How should conflicting results between different PIK3R1 antibody clones be reconciled?

When facing discrepancies between different PIK3R1 antibody clones:

• Epitope mapping analysis:

  • Determine the specific epitopes recognized by each antibody

  • Consider whether epitopes might be differentially accessible in various experimental conditions

  • Test whether post-translational modifications affect epitope recognition

• Validation hierarchy:

  • Prioritize results from antibodies with more extensive validation

  • Consider genetic approaches (siRNA, CRISPR) to confirm specificity

  • Test antibodies in systems with known PIK3R1 expression patterns

• Methodological considerations:

  • Evaluate whether discrepancies are application-specific (e.g., WB vs. IHC)
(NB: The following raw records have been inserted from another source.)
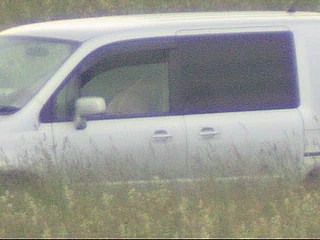 car voyeur video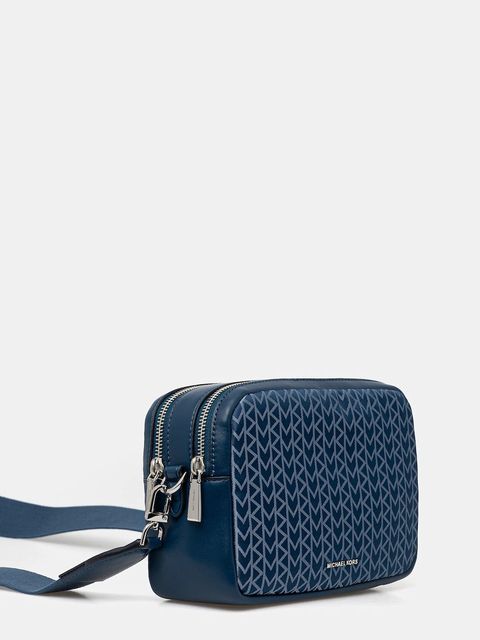 MICHAEL Michael Kors torebka - zdjęcie produktu nr 1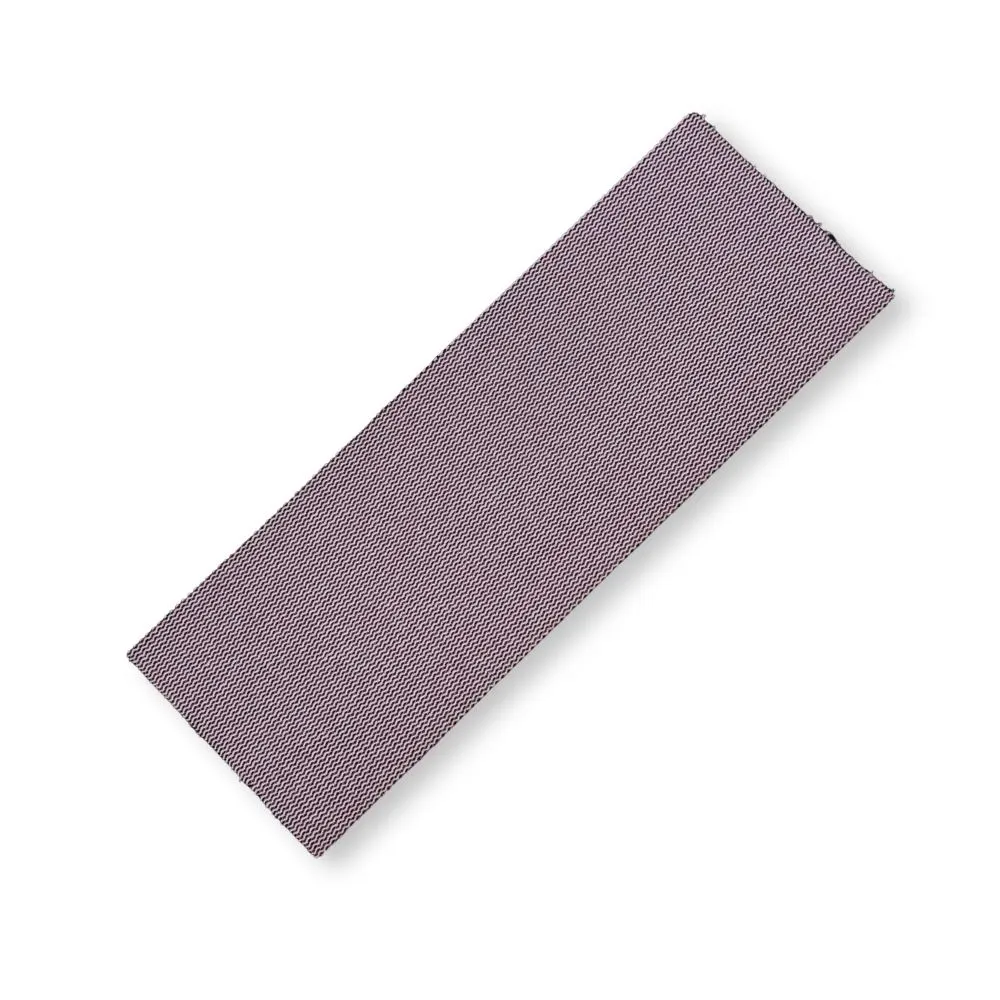 Garlopa de lija malla abrasiva starmesh 1 Garlopa de lija malla abrasiva starmesh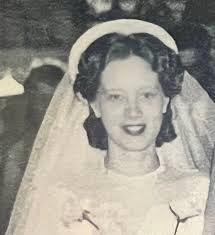 Ramona Smith's Instagram, Twitter & Facebook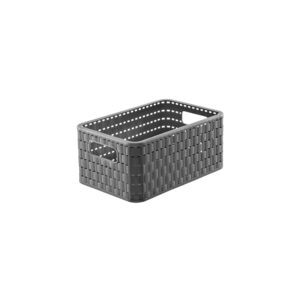 Corbeil Country A5 6L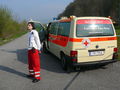 Ambulanz Linz-Marathon 36768233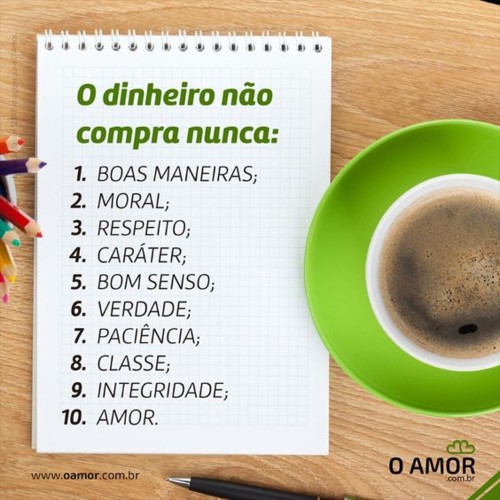 e78bb4ce520b14854a36d9b6c5c3195e.jpg e78bb4ce520b14854a36d9b6c5c3195e.jpg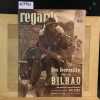 Regards N° 180 : La bataille devant Bilbao (Koltzov) - Jean-Baptiste Clément (Alexandre Zévaès) - Madrid-Valence (Margarita Nelken) - Mon cousin de ...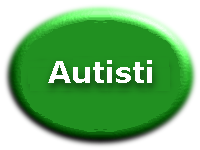 Autisti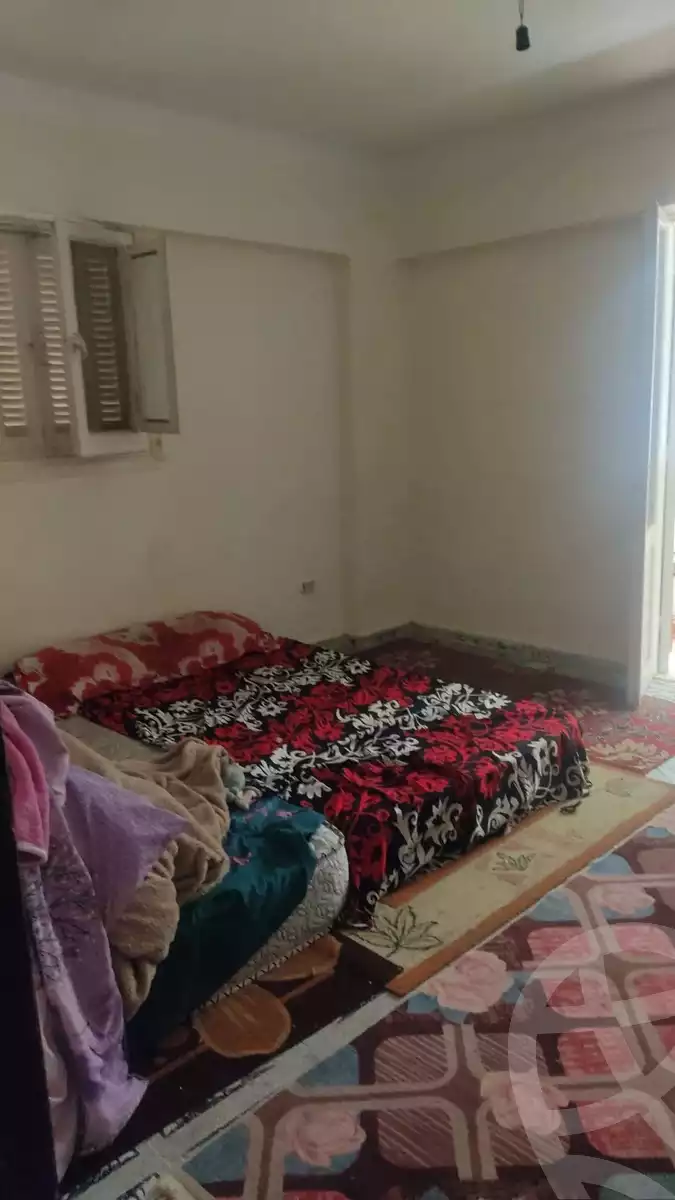 https://aqarmap.com.eg/en/listing/5908824-for-sale-alexandria-l-jmy-el-hanouvel-el-salam-st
  • Assess fixation, antigen retrieval, or other technical variables

  • Test different lots of the same antibody to rule out batch effects

• Reconciliation approach:

  • Use multiple antibodies targeting different epitopes in parallel

  • Implement orthogonal detection methods (mass spectrometry, RNA analysis)
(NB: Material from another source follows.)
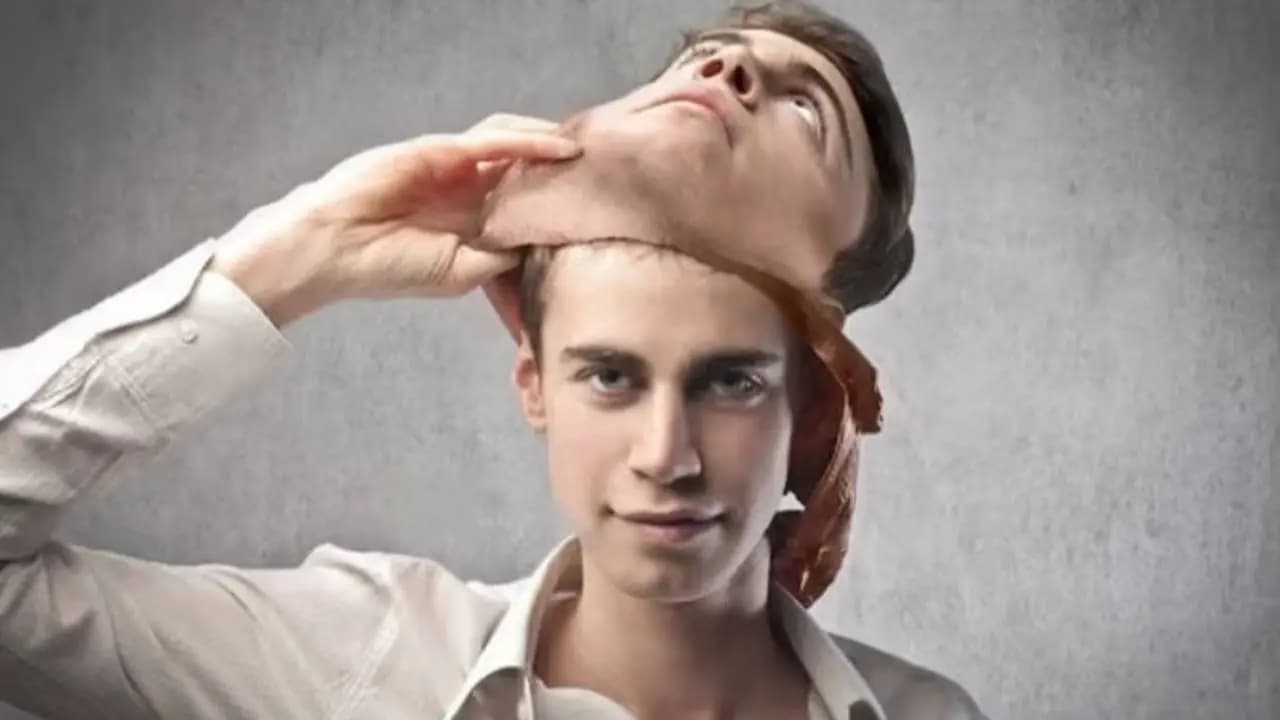 Psychology Tips: 6 Key Behavioral Traits to Help You Understand Someone’s Real Character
  • Consider whether discrepancies reveal biologically relevant information about protein conformation or interactions

This systematic approach transforms conflicting results into opportunities for deeper understanding of PIK3R1 biology.

What are the best practices for integrating PIK3R1 antibody data with other omics datasets?

For effective integration of antibody-based PIK3R1 data with other omics approaches:

• Multi-omics correlation analysis:

  • Compare protein expression (antibody-based) with mRNA levels (transcriptomics)

  • Correlate PIK3R1 protein levels with phosphoproteomics data for downstream effectors

  • Integrate with metabolomics to connect PI3K signaling to metabolic outcomes

• Temporal alignment considerations:

  • Account for time delays between transcriptional, translational, and post-translational events

  • Design time-course experiments with appropriate sampling for each data type

  • Apply time-series analysis methods to capture dynamic relationships

• Single-cell integration approaches:

  • Combine antibody-based flow cytometry with single-cell RNA-seq

  • Use computational methods like CITE-seq or cellular indexing of transcriptomes and epitopes

  • Apply dimensionality reduction and clustering to identify cell populations with distinct PIK3R1-related phenotypes

• Pathway-level integration:

  • Map antibody-detected PIK3R1 activation to pathway-level changes in transcriptomics data

  • Use knowledge-based approaches (Gene Ontology, pathway enrichment) to interpret integrated datasets

  • Apply network analysis to identify regulatory hubs connected to PIK3R1 function

This integrative approach provides a comprehensive understanding of PIK3R1's role within cellular signaling networks across multiple biological layers.